However, the Wikipedia article also states
> High demand for ISRCs within the United States has caused the supply of available registrant codes to become exhausted; after December 6, 2010, new registrants in the US use country code "QM"

Also,
> "XXX" is a three character alphanumeric registrant code of the ISRC issuer.

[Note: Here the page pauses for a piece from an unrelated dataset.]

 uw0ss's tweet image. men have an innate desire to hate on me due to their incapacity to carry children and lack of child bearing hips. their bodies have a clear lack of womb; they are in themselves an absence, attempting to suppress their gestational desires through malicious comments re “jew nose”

This number by itself does NOT uniquely identify the ISRC issuer as the same 3-digit registrant code may be used in various countries for different issuers. To uniquely identify an issuer, the country code and registrant code should be used together.

So, the `XXX` component might be interesting as well!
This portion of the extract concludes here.